Hace unos meses se anunció que reabría el único matadero de pichones de la provincia de Zamora, junto a la noticia de la creación de la Cooperativa de Pichones de Castilla y León, auspiciado, entre otros, por Luis Alberto Lera. Su restaurante Lera, con dos soles Repsol, es uno de los grandes referentes del mundo en la lectura contemporánea de la cocina cinegética, hasta el punto de haber logrado colocar a Castroverde de Campos en el listado de pueblos gastronómicos elaborado por National Geographic. Conseguir iluminar con el brillo del deseo un mundo ansioso de valores culinarios diferenciales puede ser un respaldo en la reivindicación de una zona que, junto a las tierras de labor y los cotos de caza, cuenta con un legado cultural extraordinario. Castillos, iglesias de porte catedralicio, torres, arte mudéjar, bodegas bajo tierra y, sobre todo, palomares antiguos que guían hacia el futuro.

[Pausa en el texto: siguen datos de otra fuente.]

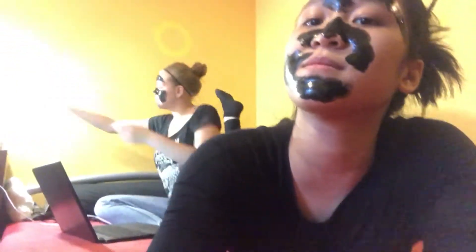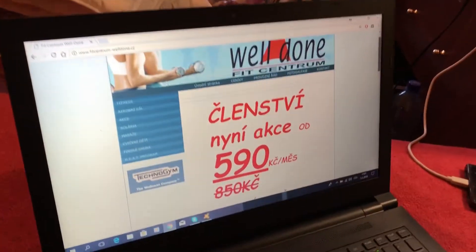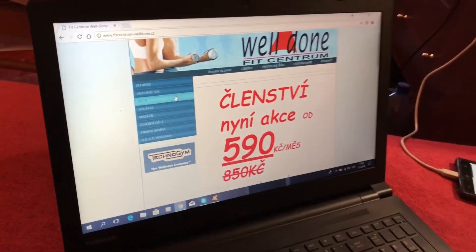Let's get started. This is us wearing a black mask and looking for a place at a gym.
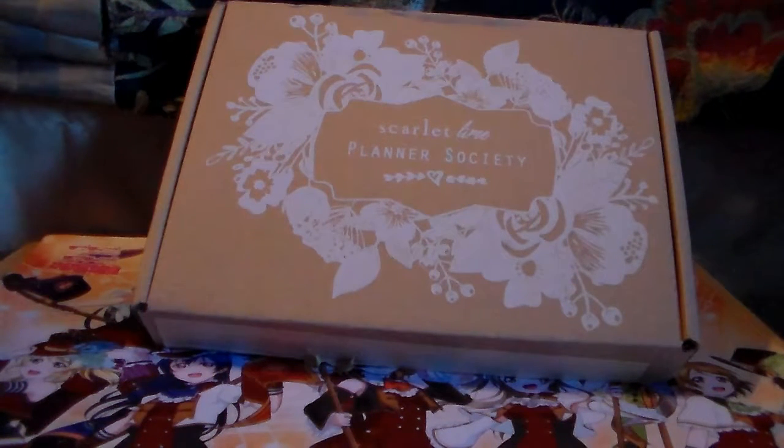Hey guys, I am back with part two of my Scarlet Lion Planner Society unboxing. Hopefully you guys watched part one — if you didn't, please do. I ended up getting the January and the February Scarlet Lion Planner Society subscription boxes. Price points are in the website link down below; it's about $30 a month, highly recommended by people on a whole bunch of the Mambi planner Facebook pages.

Si los intereses de la boca sirven para que esta se abra maravillada ante un patrimonio oculto bajo los tópicos de los viajes de impacto y de mar y playa, la cocina se habrá ganado su renombre. La gastronomía puede vertebrar gran parte de la cadena de valor de una región, dando a conocer, incluso regenerando, sus productos, personas y tradiciones. Es la experiencia de una cultura a través de la identidad que desnuda un recetario que dibuja el porvenir de la larga planicie. Parafraseando a Macías Picavea: quienes no perecen en el intento de instaurar una utopía acaban por marchar a un exilio voluntario.